Vell i Nou was a Catalan magazine dedicated to arts that was established in March 1915. Its owner and editor-in-chief was Santiago Segura i Burguess. Later, the magazine was edited by other people, such as Joaquim Folch i Torres, Romà Jori, and Joan Sacs. The format of the magazine was 4 pages measuring 367x270 mm with 3 columns each. It was published weekly until April 10, when it started to appear every fortnight. The editorial office was situated in the Galeries Laietanes (Barcelona). Initially it was printed by F. Borràs, but later changed to other printers such as Oliva de Vilanova.

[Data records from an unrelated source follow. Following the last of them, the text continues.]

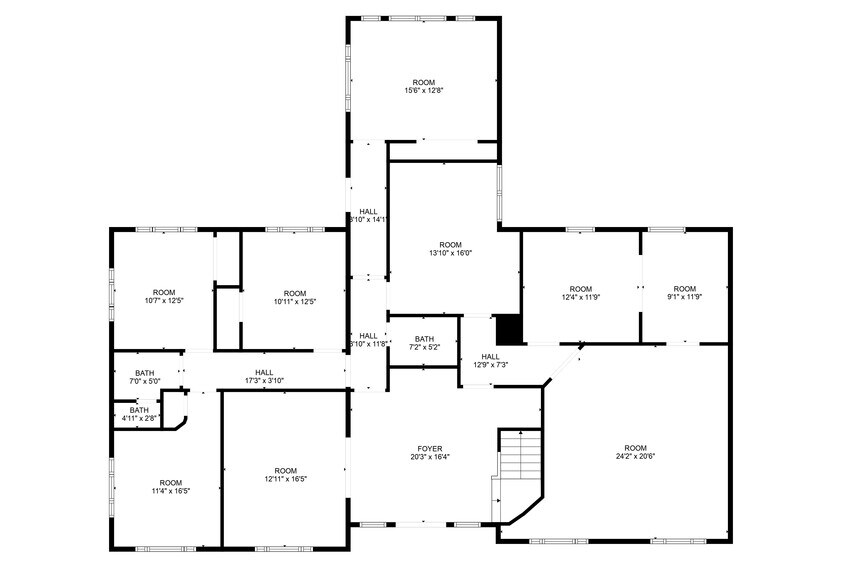 More Photos Of 10400 Main St, Houston Showroom For Lease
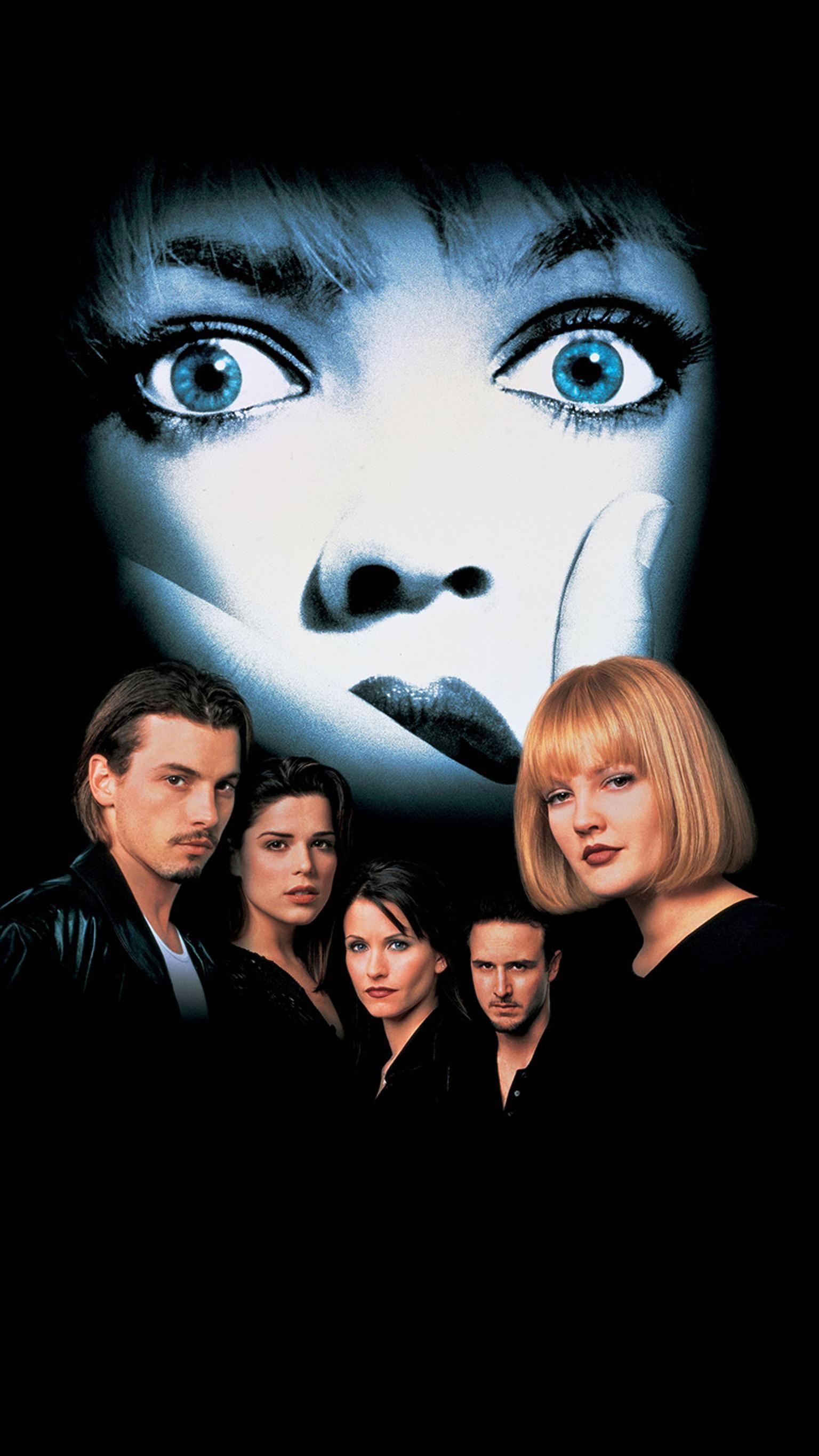 Original Movie Poster of Scream — 1536x2732 wallpaper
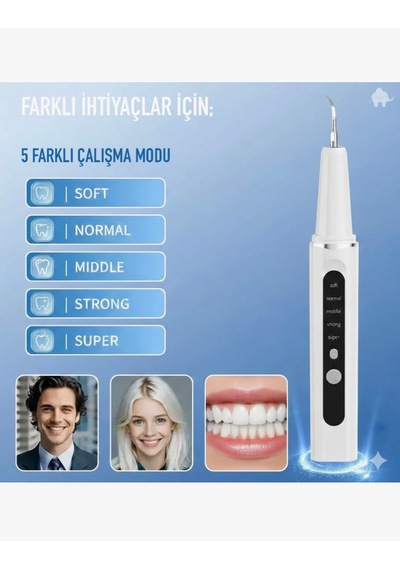 Akıllı Diş Temizleme Cihazı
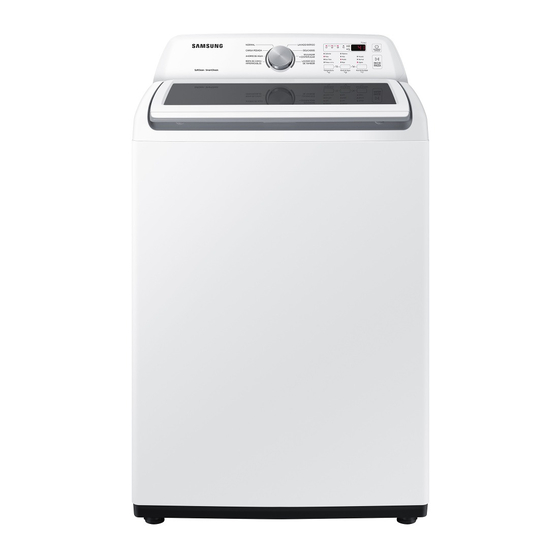 Samsung WA20A3353 Serie Manual Del Usuario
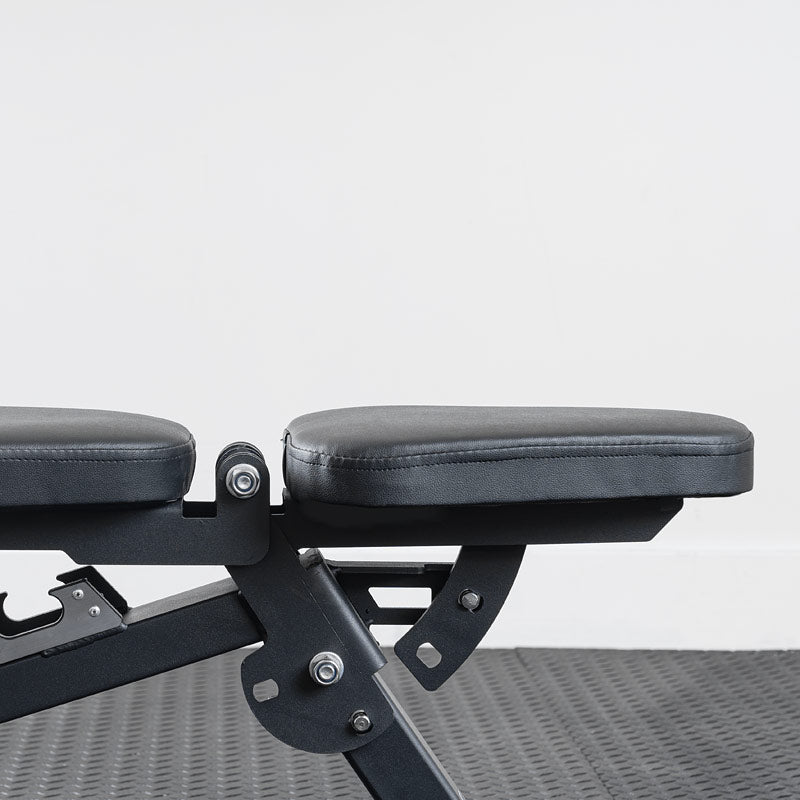 XM FID Folding Weight Bench - Adjustable Workout Bench for Home Gym, Strength Training & Full Body Exercises | Perfect for Small Spaces & Apartment Workouts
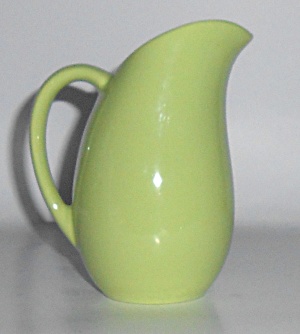 Franciscan Pottery Chartreuse Special Creamer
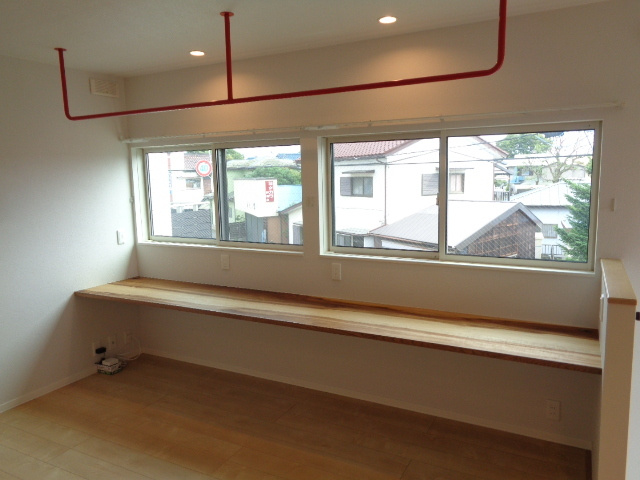 スマートハイムプレイス寒川一之宮戸建の居間・リビング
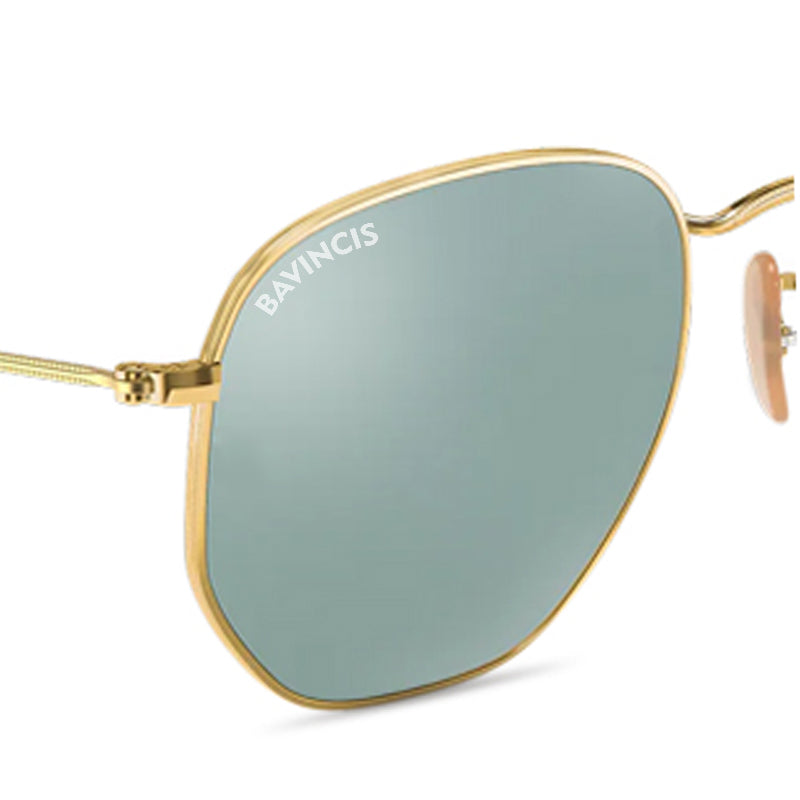 Bavincis Gemini Gold And Silver Mercury Edition Sunglasses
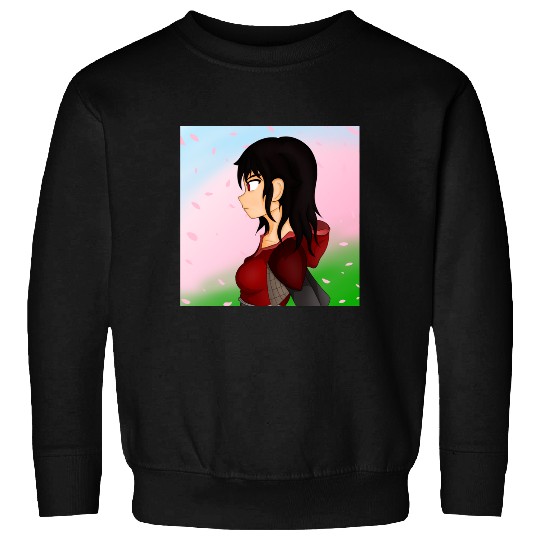 kawaii girl pagoda: Disney Mulan Anime Mushu, Mulan and Mushu Sweatshirts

The magazine was interrupted on December 15, 1919, and a second period started in April 1920. From then on, the magazine was published monthly and it was more eclectic. This second period continued until September 1921. In total, 123 issues were published in these two periods (105 biweekly and 18 monthly).

Later, the magazine continued as a book collection under the title Biblioteca d’art Vell i nou.

== Scope and collaborators ==
The magazine was dedicated to art from all the periods with an erudite and informative objective. The editors said, before the beginning of the magazine, that they had a preference for the considerate as minor arts (the term is applied as a distinction of the fine arts). In the second period, they published texts in Catalan, Spanish, and French.

The collaborators were mostly writers from the Catalan literary and artistic movement Noucentisme. Among them there were Josep Aragay, Miquel Ferrà, Ventura Gassol, López-Picó, Josep Lleonart, Eugenio d'Ors, Carles Riba, Carles Soldevila, and Joaquim Torres i Garcia. Other collaborators were Joaquim Ciervo, Adrià Gual, Josep Maria Junoy, J.F.Ràfols, and Paul Jachard.